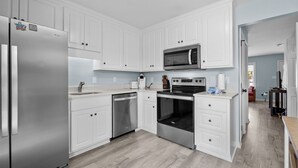 A modern kitchen with white cabinets, stainless steel appliances, and a wooden floor. - Oceanside Condo in Atlantic Beach, NC-Anchors Away Unit 3 (Atlantic Beach)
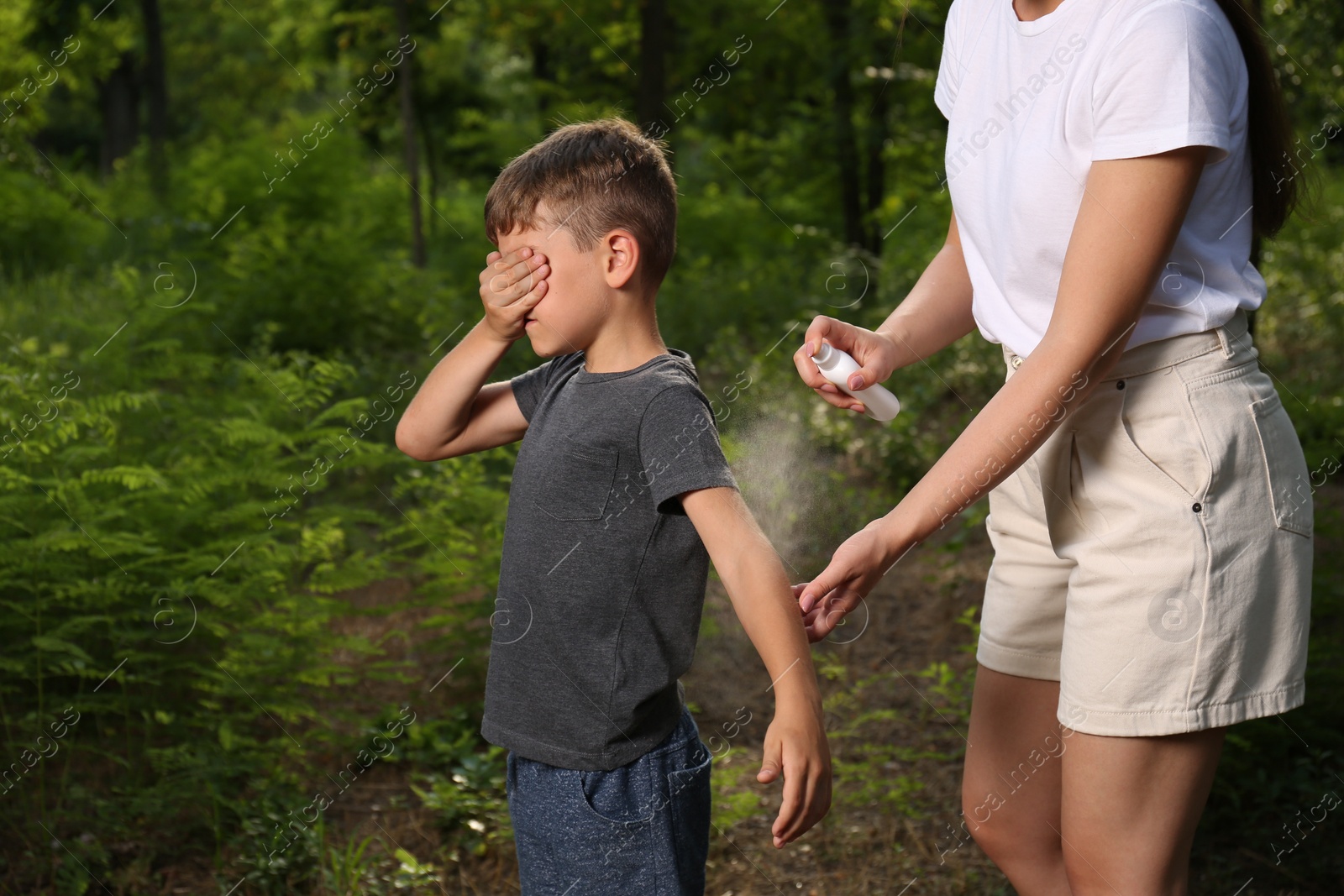 Photo of Woman applying insect repellent on her son's arm in park. Tick bites prevention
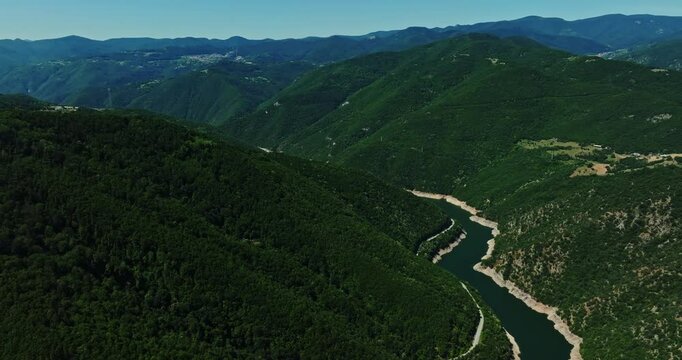Vast River Basin Flowing Through Forest Covered Mountain Range Meandre Turns Aerial Parallax Reveal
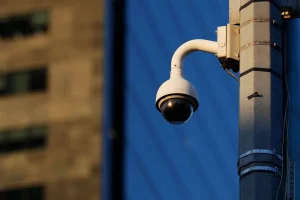 Câmera de vigilância instalada em poste realiza monitoramento de área urbana.
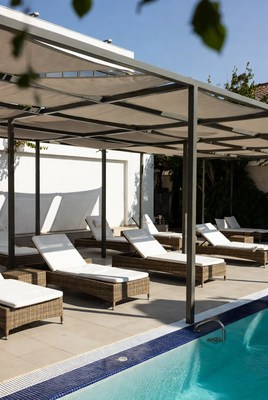White Lounge Chairs by Pool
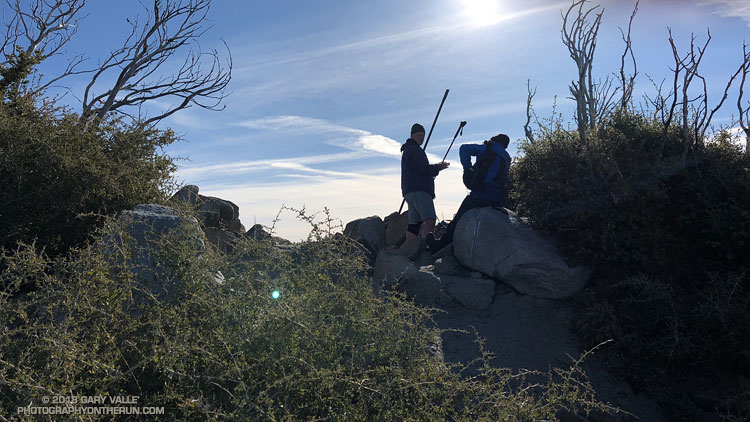 Hikers on the summit of Strawberry Peak. The peak was burned in the devastating 2009 Station Fire. The bare, burned limbs measure the growth of the vegetation since the fire.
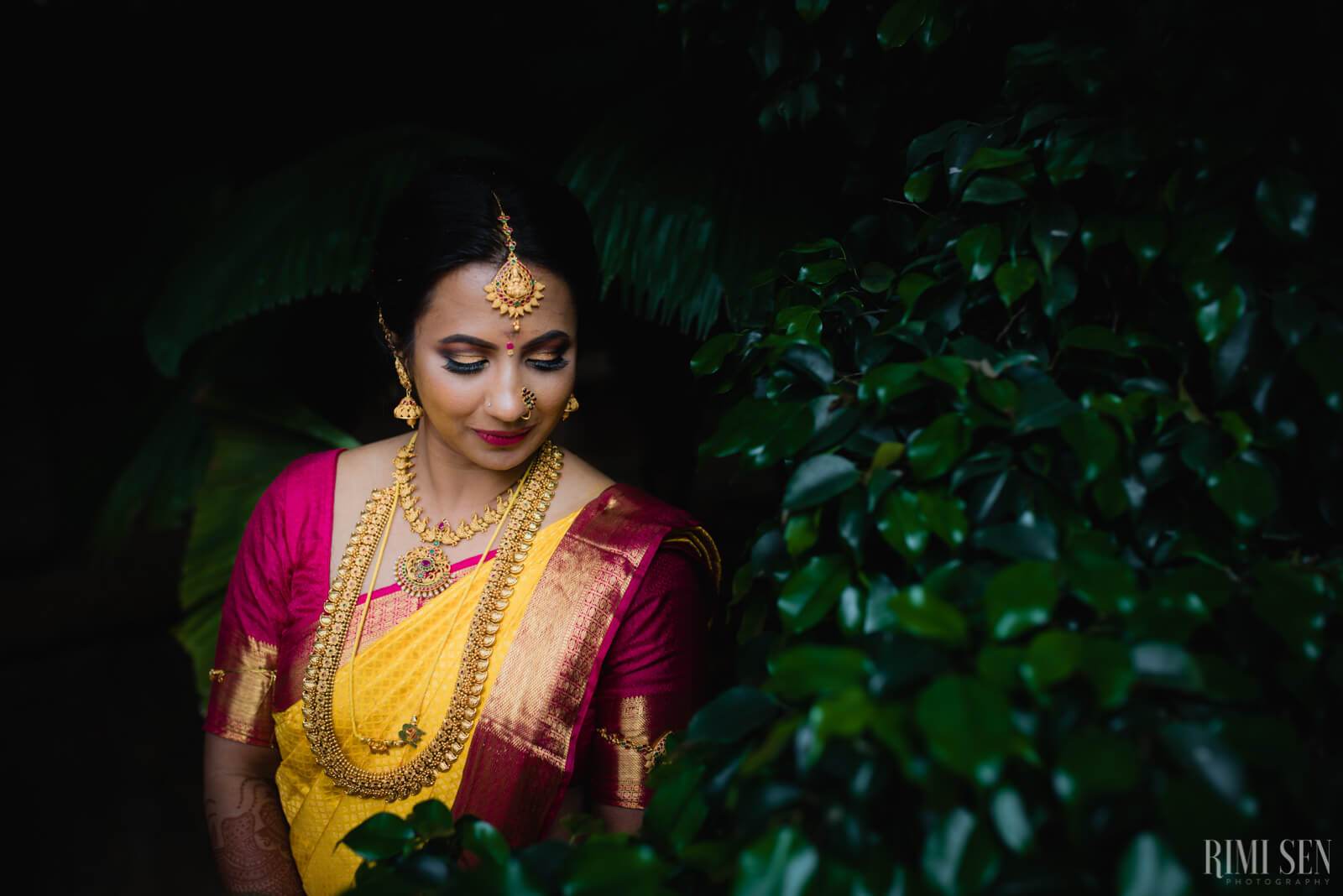Woman in traditional yellow and magenta silk saree with gold jewelry surrounded by green foliage, Bangalore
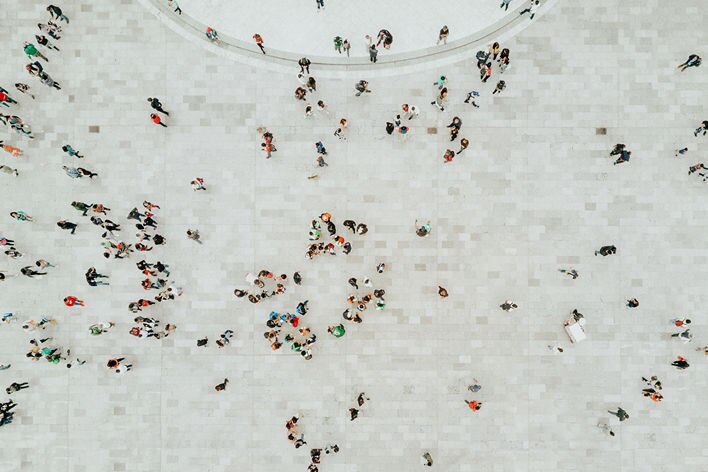 high overhead view of people in open plaza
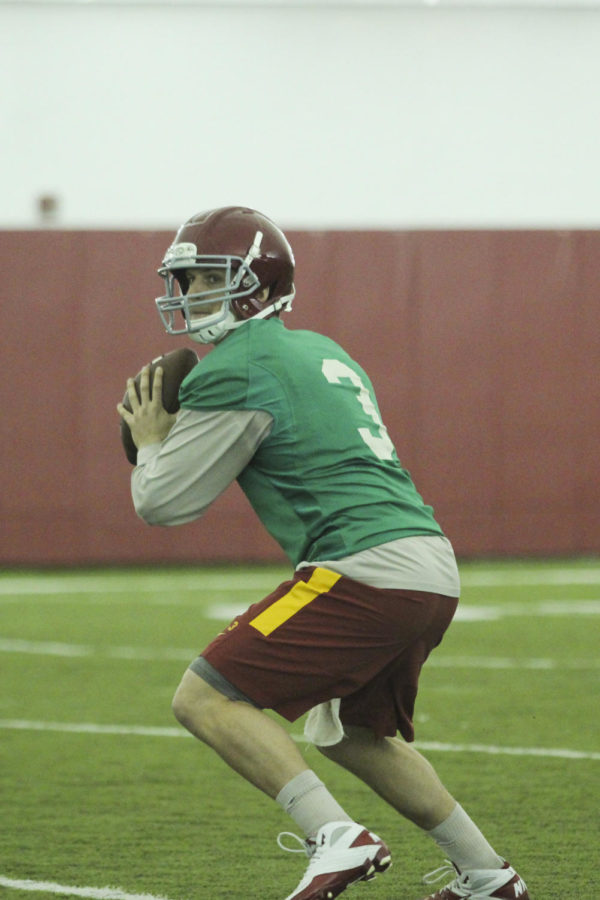 Redshirt junior quarterback Grant Rohach passes the ball at the first football practice March 3 at Bergstrom Indoor Practice Facility.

### Exercise directions:
Where the material contains pictures, leave them out and copy the rest verbatim.

### Response to this exercise:
 A modern kitchen with white cabinets, stainless steel appliances, and a wooden floor. - Oceanside Condo in Atlantic Beach, NC-Anchors Away Unit 3 (Atlantic Beach)
 Photo of Woman applying insect repellent on her son's arm in park. Tick bites prevention
Vast River Basin Flowing Through Forest Covered Mountain Range Meandre Turns Aerial Parallax Reveal
 Câmera de vigilância instalada em poste realiza monitoramento de área urbana.
White Lounge Chairs by Pool
 Hikers on the summit of Strawberry Peak. The peak was burned in the devastating 2009 Station Fire. The bare, burned limbs measure the growth of the vegetation since the fire.
Woman in traditional yellow and magenta silk saree with gold jewelry surrounded by green foliage, Bangalore
 high overhead view of people in open plaza
 Redshirt junior quarterback Grant Rohach passes the ball at the first football practice March 3 at Bergstrom Indoor Practice Facility.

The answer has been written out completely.